If you’re still with me, but skeptical, you might be wondering, If these guys love the animals as they claim, why do they kill them? I might not answer this question to your satisfaction, but I promise that, as the story unfolds, I will never wander too far from it. I would like to come out of this process with a good answer for myself. Therefore I have enlisted a great variety of writers, hunters, writer/hunters, and thinkers from the past century to give me some perspective on the rise and fall of hunting in my life and theirs. Hunting, like boxing, has attracted more than its share of eminent hacks, Nobel Laureates, and Pulitzer Prize winners.

Doug Elsasser, Peter Nash, Scott Smith, Terry Myles, Richard Ford, Ian Pitfield, Al Purkess, Raymond Carver, Lennie Hollander, Bill Robertson, Ken Bindle, Bonace Korchinsky, Mosey Walcott, Bill Watson, Bob Calder— these are some of the hunters I have known. Any one of them could have testified to my conduct in the field. Most of them would say that Carpenter was better with a shotgun than with a rifle; that he was a better dog than a marksman; that he started losing it in his late forties; that his sense of direction depended on whether he was carrying a compass, and even then it wasn’t that great; that he was loath to try a long shot and timid around bulls; that as walkers go, he was not bad for distance.

Readers can be grateful, then, that this is not so much about me as about the hunt. If I accomplish only one thing in this account, I hope it will be to narrow the gap between those who did and those who didn’t, between those who speak well of hunters and those who disapprove of them. You might say that I have one boot in the hunter’s camp and a Birkenstock in the camp of the nonbeliever.

For the idea and for your patience, Rob, I thank you. I hope you will agree that late is better than never.

And Currie, I am happy to say that your campaign has borne fruit. By the way, I think it would be a great idea if you were to write a book-length verse epistle on accounting practices in ancient Carthage. Better get started. Time waits for no man.

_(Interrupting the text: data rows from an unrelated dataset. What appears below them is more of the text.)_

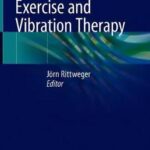 Manual of Vibration Exercise and Vibration Therapy
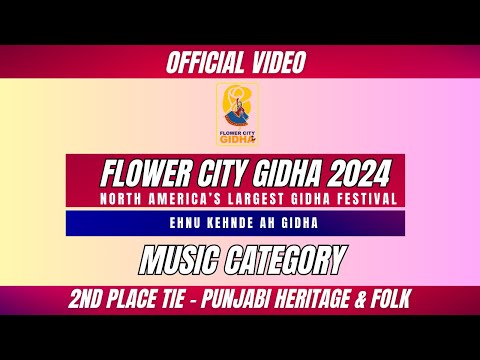 Punjabi Heritage & Folk || 2nd Place tie || Flower City Gidha 2024 || Music Category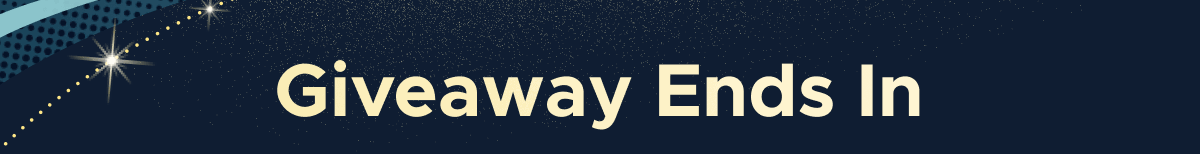 Giveaway Ends In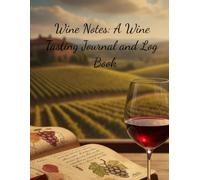 Wine Notes: A Wine Tasting Journal and Log Book: The Essential Tasting Notebook to Record Flavors, Aromas, Pairings, and Vineyard Memories for Wine Enthusiasts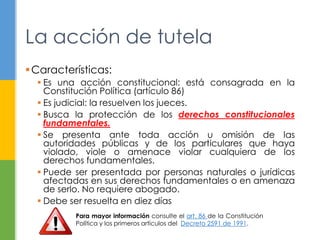 La acción de tutela 
Características: 
 Es una acción constitucional: está consagrada en la 
Constitución Política (artículo 86) 
 Es judicial: la resuelven los jueces. 
 Busca la protección de los derechos constitucionales 
fundamentales. 
 Se presenta ante toda acción u omisión de las 
autoridades públicas y de los particulares que haya 
violado, viole o amenace violar cualquiera de los 
derechos fundamentales. 
 Puede ser presentada por personas naturales o jurídicas 
afectadas en sus derechos fundamentales o en amenaza 
de serlo. No requiere abogado. 
 Debe ser resuelta en diez días 
Para mayor información consulte el art. 86 de la Constitución 
Política y los primeros artículos del Decreto 2591 de 1991. 
 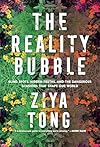 The Reality Bubble: Blind Spots, Hidden Truths, and the Dangerous Illusions that Shape Our World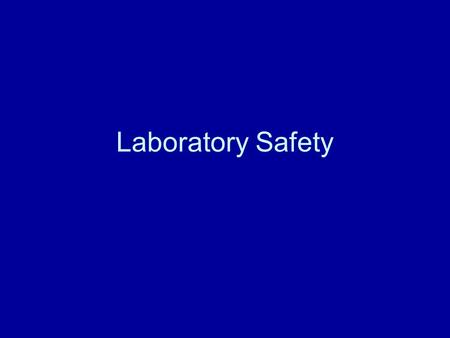 Laboratory Safety. Personal Protective Equipment Eye protection Clothing – lab aprons when indicated. Always wear closed-toed shoes in the lab. Secure.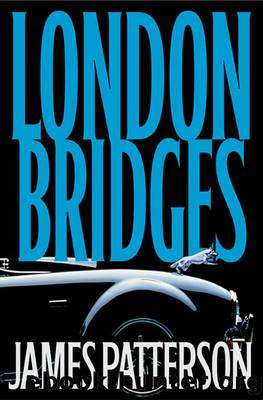 Alex Cross - 10 - London Bridges by James Patterson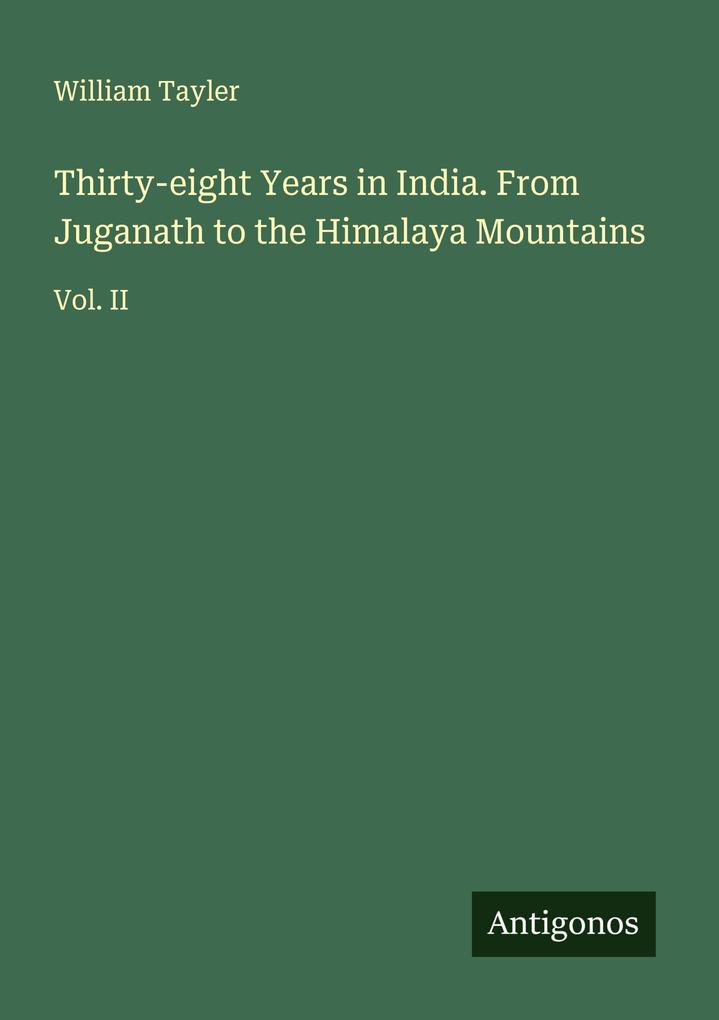 Thirty-eight Years in India. From Juganath to the Himalaya Mountains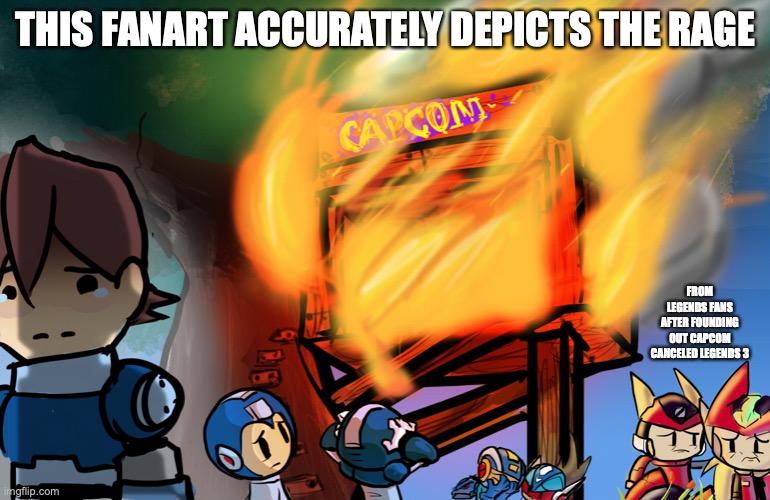Burning Capcom Treehouse | THIS FANART ACCURATELY DEPICTS THE RAGE; FROM LEGENDS FANS AFTER FOUNDING OUT CAPCOM CANCELED LEGENDS 3 | image tagged in fanart,megaman,megaman legends,memes,capcom | made w/ Imgflip meme maker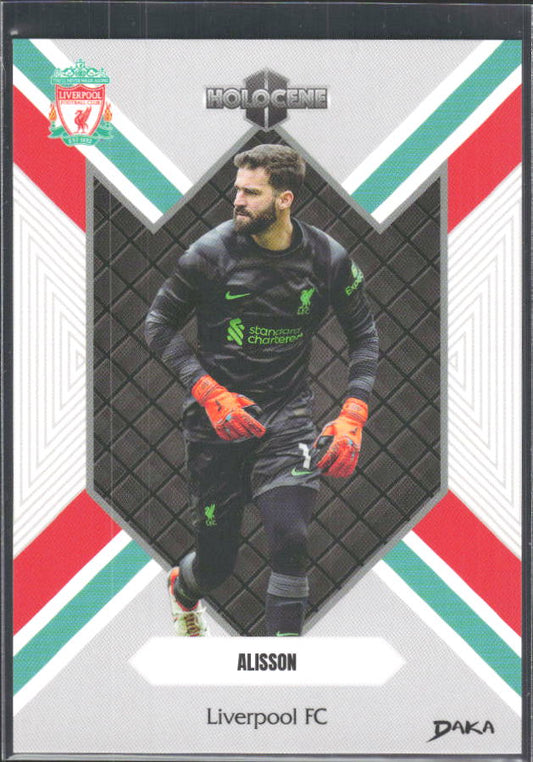 2024 DAKA Holocene Liverpool #HO-23 Alisson – framsida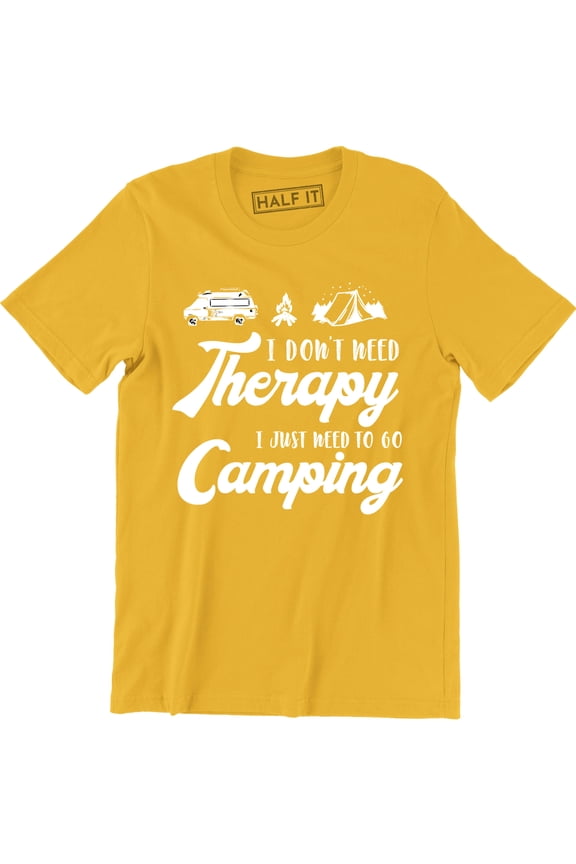 I Don't Need Therapy I Just Need To Go Camping Camp Gear Summer Mens T-Shirt
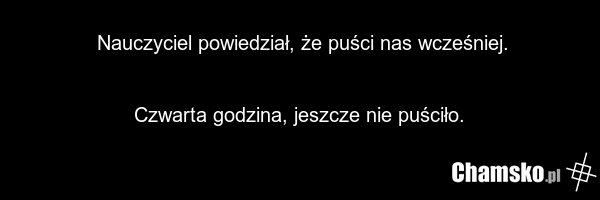 Nauczyciel powiedział, że puści nas wcześniej. Czwarta godzina, jeszcze nie puściło.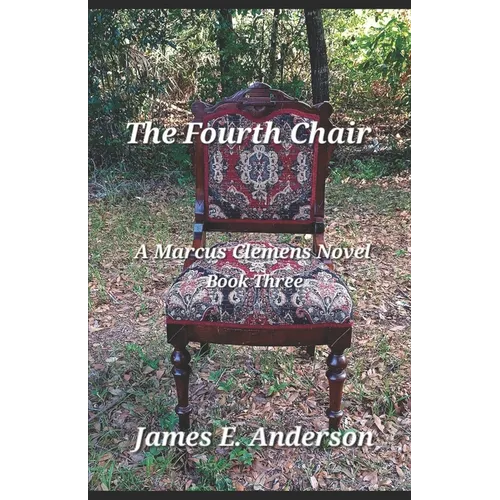 The Fourth Chair: A Marcus Clemens Novel (Book Three) - Paperback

I am indebted to many people whose reflections on hunting have broadened my own knowledge considerably. Most of these have been mentioned in the text and in the list of sources at the end of the book. But I should add the names of those who helped to steer me into good habitat in order to write this book: Warren Cariou, Tim Lilburn, and Bob Calder, who are all either nonhunters or ex-hunters. I would like to thank Trevor Herriot for reading my manuscript and offering suggestions and criticism during a very busy time in his own life. I owe a debt of thanks to Honor Kever, my first reader and soulsustainer. I must thank my editor, Nancy Flight, who rode this project through three very different drafts and whose words guided me into my strengths as a writer and away from my weaknesses. I would also like to thank the Saskatchewan Writers/Artists Colony Committee of the Saskatchewan Writers’ Guild for the chance to work on this manuscript during the winters of 2007, 2008, and 2009. Our hosts were Abbot Peter Novekosky and Father Demetrius and the hospitable monks of St. Peter’s Abbey, nonhunters every one. I owe a big thank-you to Kathy Sinclair, whose advice, erudition, criticism, and forbearance kept the fire going, and to my eagle-eyed copy editor, Iva Cheung. And a final thank-you to Doug Elsasser for his woodsy wisdom and for his patience with me as perpetual apprentice in the finer points of hunting.